This research conducted by (Barhate et al.
2020) used two approaches for the detection of bots and analyzed their influence in trending a hashtag on Twitter. First, the bot probability of a user was calculated using a supervised ML technique and a new feature bot score. A total of 13 features were extracted for data pre-processing and Estimation of Distribution Algorithms (EDA). The data were trained using RF classifier, which produced an AUC result of 0.96. This study also came to the conclusion that bots had a high friend-to-follower ratio and a low follower growth rate.
The dataset that was acquired by (Pratama and Rakhmawati
2019) is from the supporters of the Indonesian presidential candidate on Twitter. The top five hashtags for each candidate were used to collect tweets, which were then manually labeled with the accounts' bot characteristics, resulting in a limit of about 4.000 tweets. SVM and RF, two ML models, are utilized for bot detection. These two models were trained with cross-validation ten-folds to improve the overall score. From these two models, RF has a higher overall score than SVM of 74% in F1-Score, Accuracy, and AUC. Comparing the 10 retrieved features from the dataset, they discovered that the account year creation had the biggest separation between humans and bots.
Davis et al. (
2016) made use of RF classifier to evaluate and detect social bots by creating a system called BotOrNot. A public dataset of 31 K accounts was used to train the model. From six main groups of characteristics—network, user, friend, temporal, content, and sentiment features—the framework collected more than 1000 features. These various classifiers—one for each category of features and one for the overall score—were trained using extracted features. The system performance was assessed using ten-fold cross-validation, and an AUC value of 95% was obtained.

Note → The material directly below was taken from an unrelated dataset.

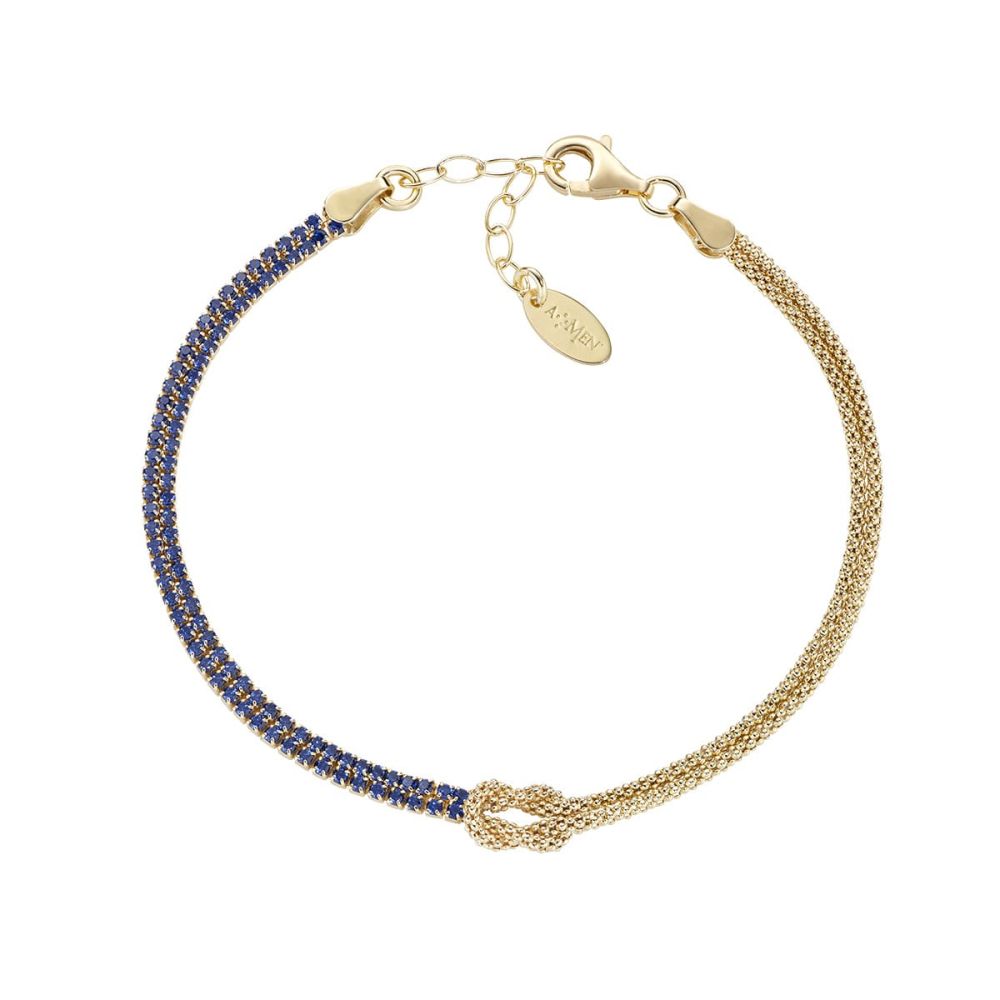 Amen Bracciale Argento Gold Nodo D'amore Zirconi Blu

Likewise, a Twitter bot identification technique was also presented by (Shevtsov et al.
2022). 15.6 million tweets ‘total, including 3.2 million accounts sent during the US Elections, were included in their dataset from Twitter. The XGBoost algorithm was used to pick 229 features from approximately 337 user-extracted features. Their suggested ML pipeline involves training and validating many three ML models which are SVM, RF, and XGBoost. Performance was best for XGBoost where their findings indicate that it performs well on the collected dataset compared to the training data section because of its great generalization capabilities. Only 2% of the F1 score is going from 0.916 to 0.896, and 0.03% of the ROC-AUC indicates a decline in performance from 0.98 to 0. 977.

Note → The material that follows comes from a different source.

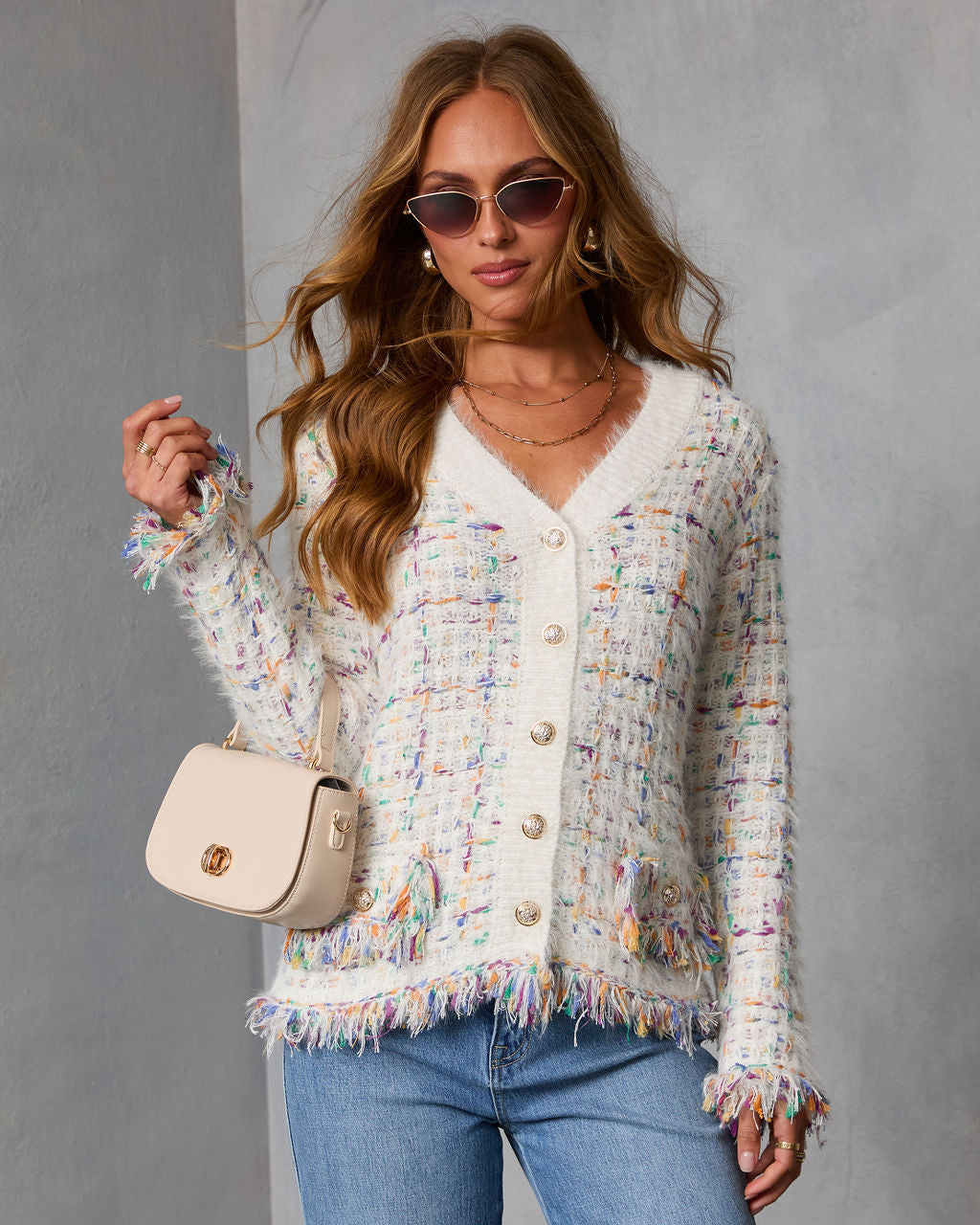 Frosted Desire Multi Color Frayed Knit Cardigan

Additionally, SPY-BOT, a post-filtering method based on ML for social network behavior analysis, was introduced by (Rahman et al.

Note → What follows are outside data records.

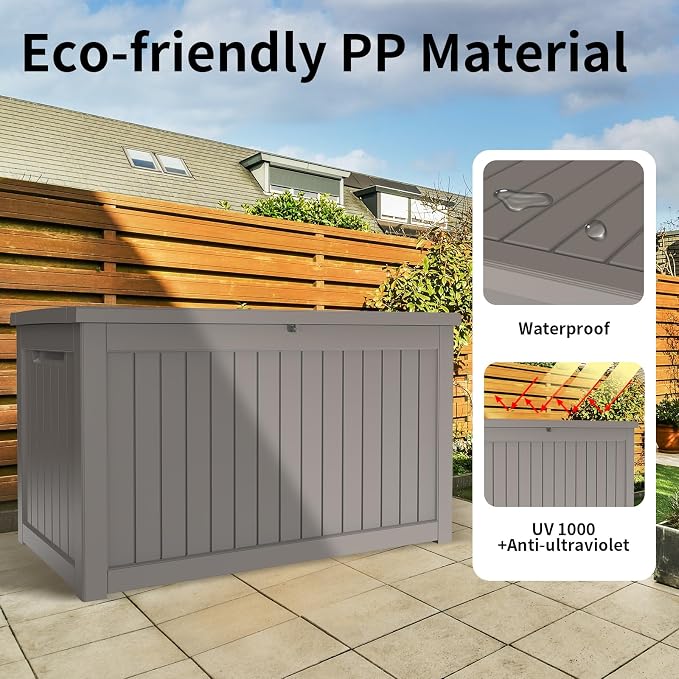 280 Gallon Resin Large Deck Box, Waterproof Outdoor Storage box for Patio Cushions, Garden Tools, Lockable (Brown)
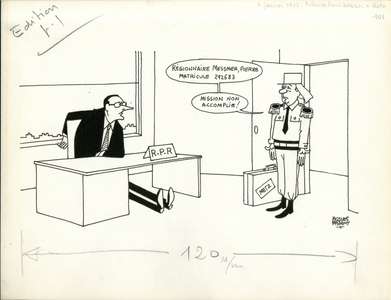 Le Figaro, Satirique en N & B, 1977_1_7: President of the Republic, RPR - Chirac Jacques, Messmer Pierre - Illustration by Jacques Faizant (1918-2006)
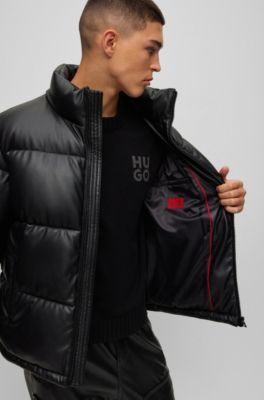 HUGO - Regular-fit padded jacket in faux leather - Black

2021). Six hundred training samples were used to extract eleven characteristics. They contrast the two ML algorithms LR and SVM throughout the training phase. After comparing outcomes, tuned SVM was the best performing. On the validation dataset, their method achieves up to 92.7% accuracy while up to 90.1% accuracy was obtained on the testing dataset. As result, they suggest that the proposed approach able to classify the users’ behavior in Social Network-Integrated Industrial Internet of Things (SN-IIoT).
Also, a real-time streaming framework called Shot Boundary Determination (SBD) was also suggested by (Alothali, Alashwal, et al.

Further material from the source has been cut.